◆ What is expected: Could you transcribe exactly the lines below, from the line with "DR24S136-ESTELLE-CHAMPAGNE-PICCOLINO-A" through the line with "Fair Harbor Men’s The One Short", and nothing else, leaving out the pictures?

◆ Exercise data:

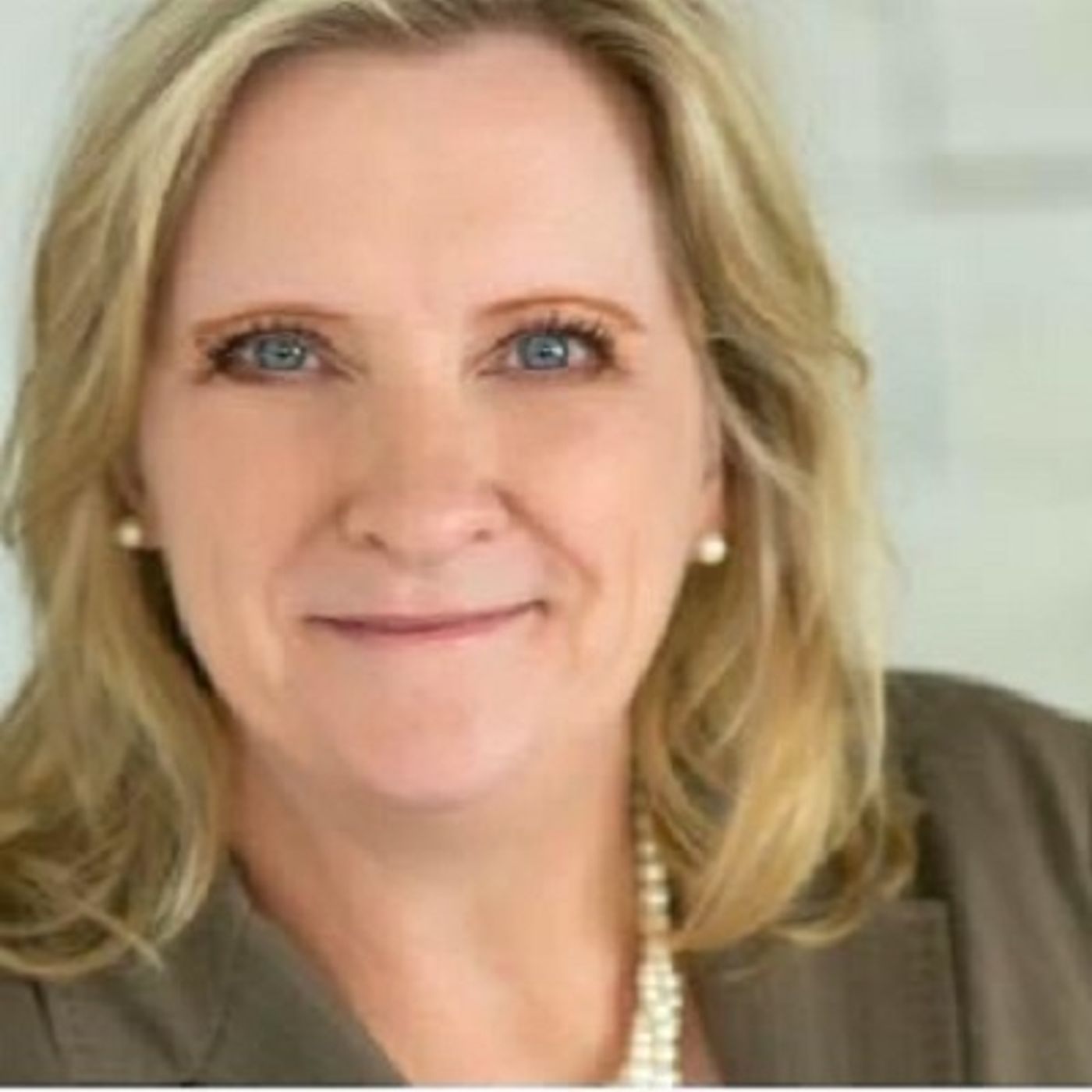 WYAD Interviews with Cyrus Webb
--
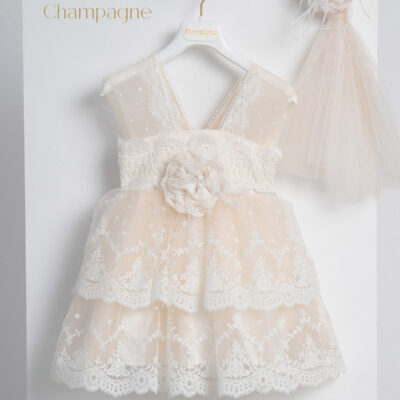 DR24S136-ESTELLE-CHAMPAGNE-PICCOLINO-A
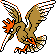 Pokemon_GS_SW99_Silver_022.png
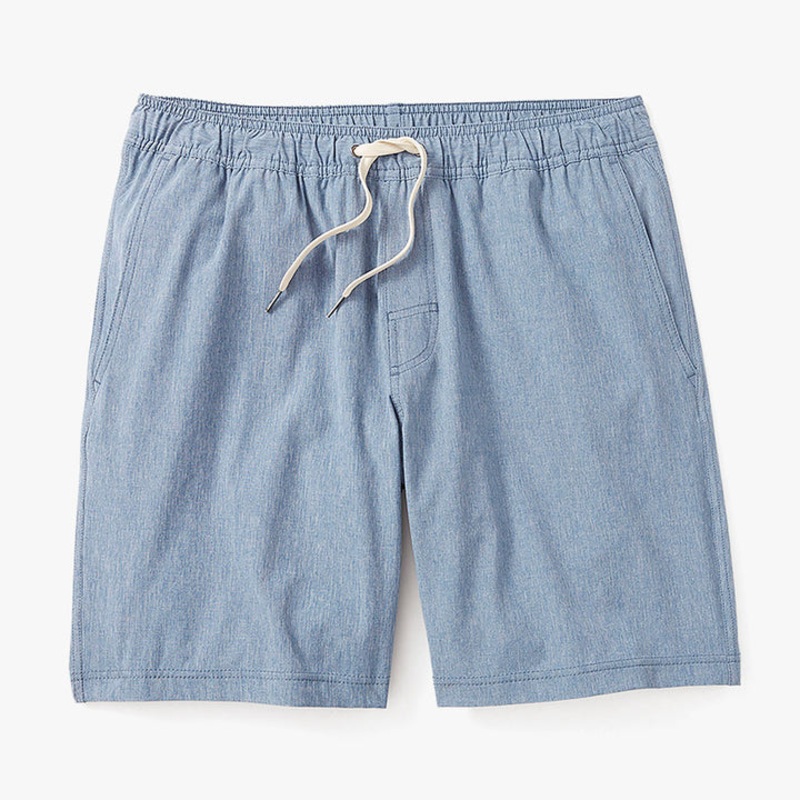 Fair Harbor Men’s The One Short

◆ Result of this task:
 DR24S136-ESTELLE-CHAMPAGNE-PICCOLINO-A
 Pokemon_GS_SW99_Silver_022.png
 Fair Harbor Men’s The One Short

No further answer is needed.